Not because they are easy, but because they are hard

Every once in awhile, you come across something so inspirational it sends shivers up your spine.

While watching The Martian the other night with Mr 12, they included a snippet from John F Kennedy’s Rice Speech, which JFK delivered when I was two years old.  I’d seen the quote before, but I’d never seen the entire speech. It’s worth the 17 minutes to watch, not only for the inspirational content, but for the inspired way in which the speech was constructed.

This notion is at the heart of every startup, and indeed of most worthwhile human endeavors.

“We choose to go to the moon. We choose to go to the moon in this decade and do the other things, not because they are easy, but because they are hard, because that goal will serve to organize and measure the best of our energies and skills, because that challenge is one that we are willing to accept, one we are unwilling to postpone, and one which we intend to win, and the others, too.”

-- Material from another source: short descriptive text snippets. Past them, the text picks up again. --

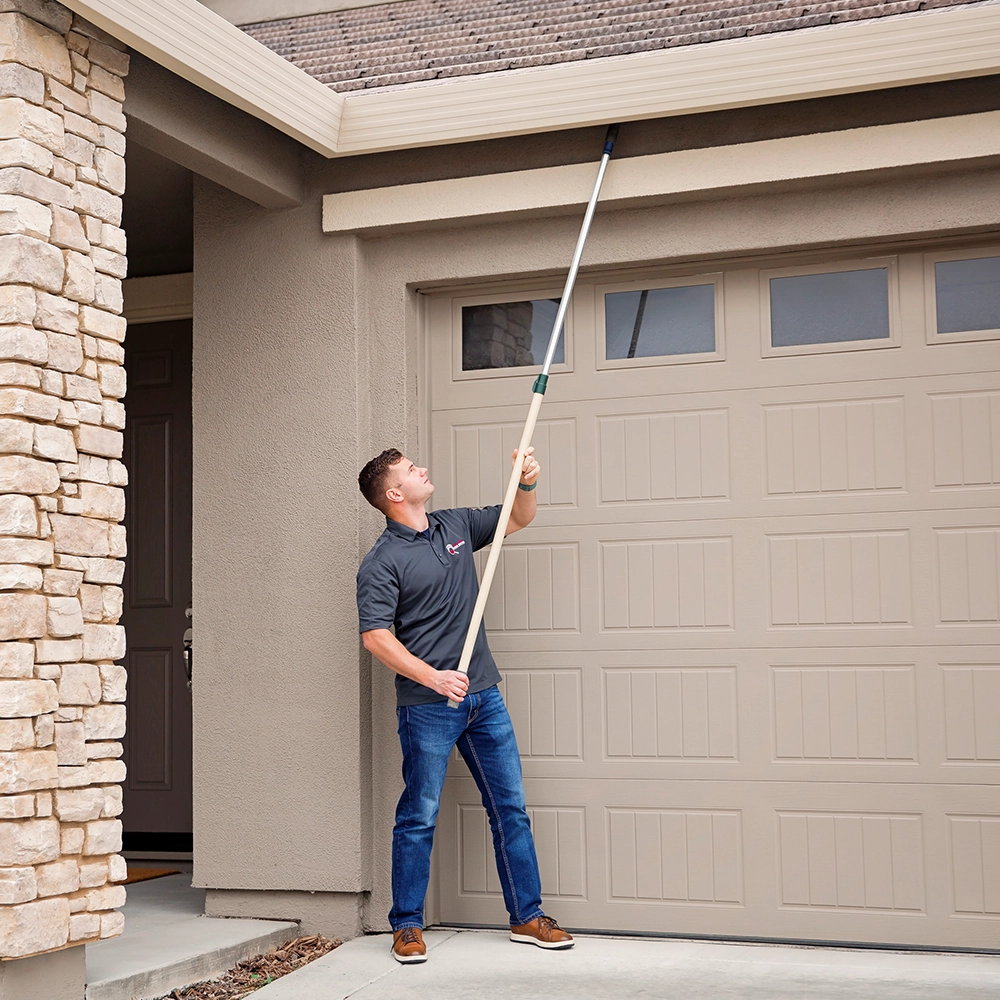 Termite Inspection Sacramento, CA | Good Life Inspections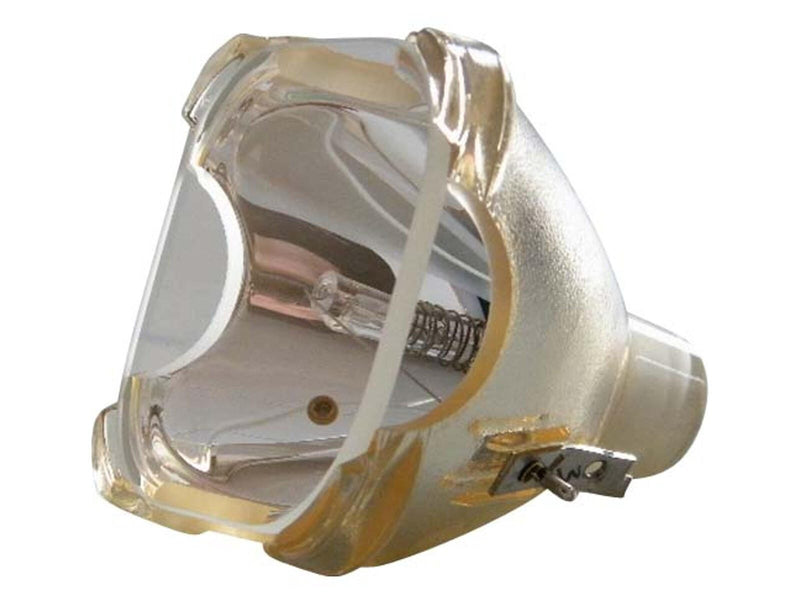 Beamerlampe (nur Leuchtmittel) für BARCO (ersetzt: R9841761 / (SINGLE LAMP))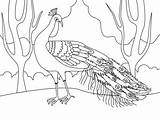 Printable Peacock Coloring Pages sketch template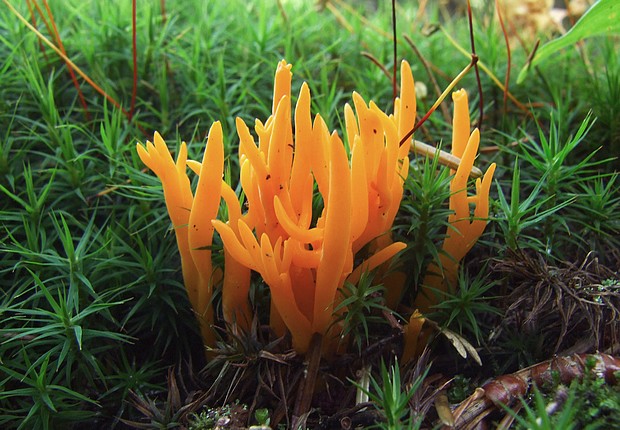 parôžkovec lepkavý Calocera viscosa (Pers.) Fr.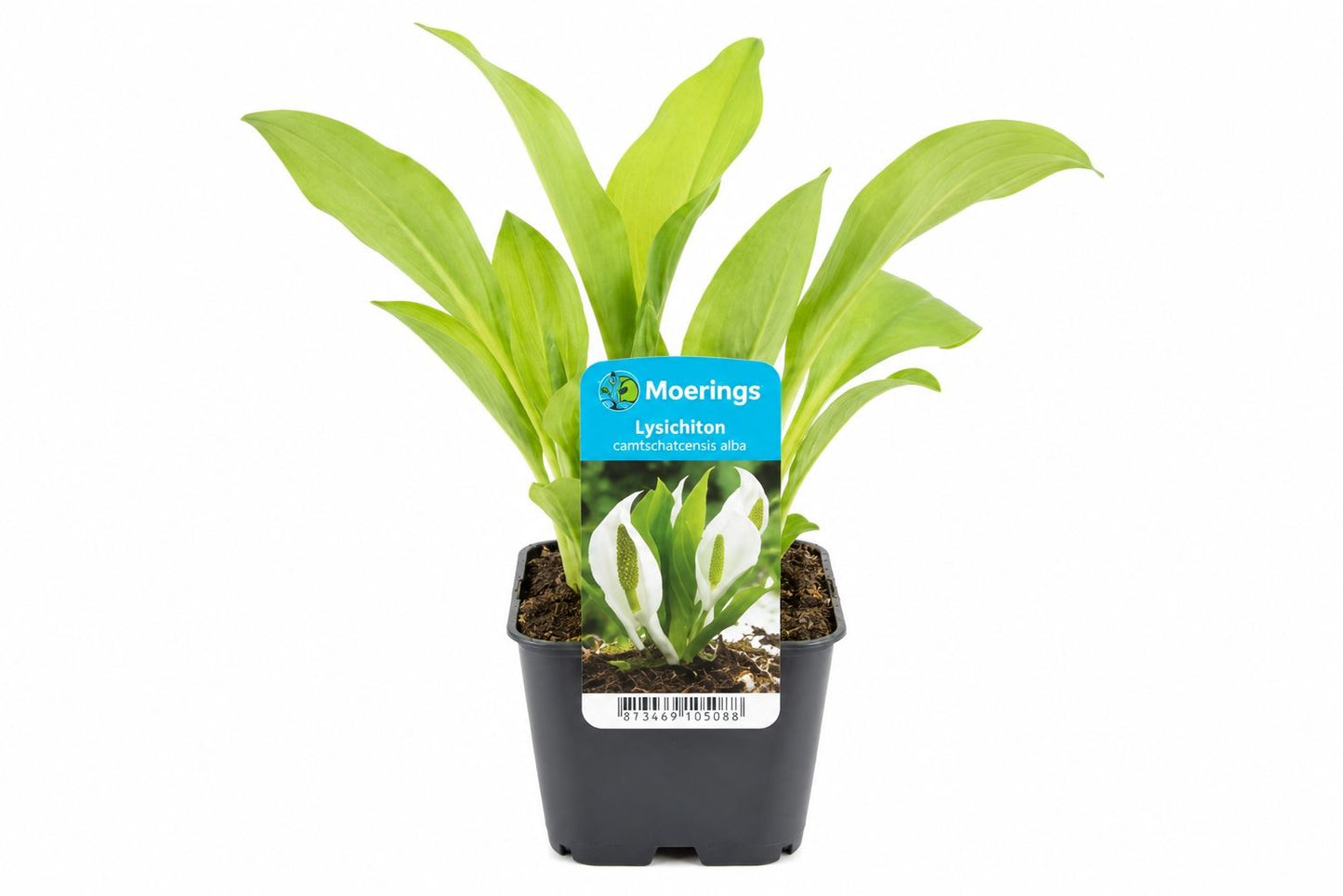 Lysichiton camtschatcensis alb la ghiveci, Moerings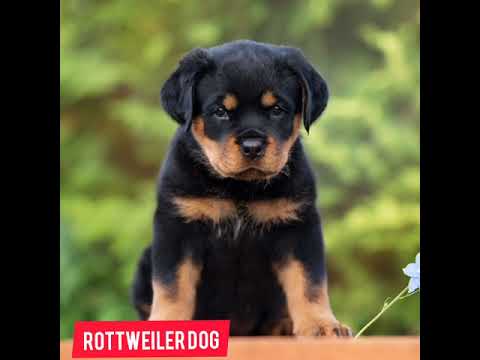 Rottweiler dog ❤️ life journey status 🔥🔥🔥 status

“But if I were to say, my fellow citizens, that we shall send to the moon, 240,000 miles away from the control station in Houston, a giant rocket more than 300 feet tall, the length of this football field, made of new metal alloys, some of which have not yet been invented, capable of standing heat and stresses several times more than have ever been experienced, fitted together with a precision better than the finest watch, carrying all the equipment needed for propulsion, guidance, control, communications, food and survival, on an untried mission, to an unknown celestial body, and then return it safely to earth, re-entering the atmosphere at speeds of over 25,000 miles per hour, causing heat about half that of the temperature of the sun — almost as hot as it is here today — and do all this, and do it right, and do it first before this decade is out–then we must be bold.”

Which begs the question: what happened to America in the last 54 years? Perhaps that’s the subject of a future blog post.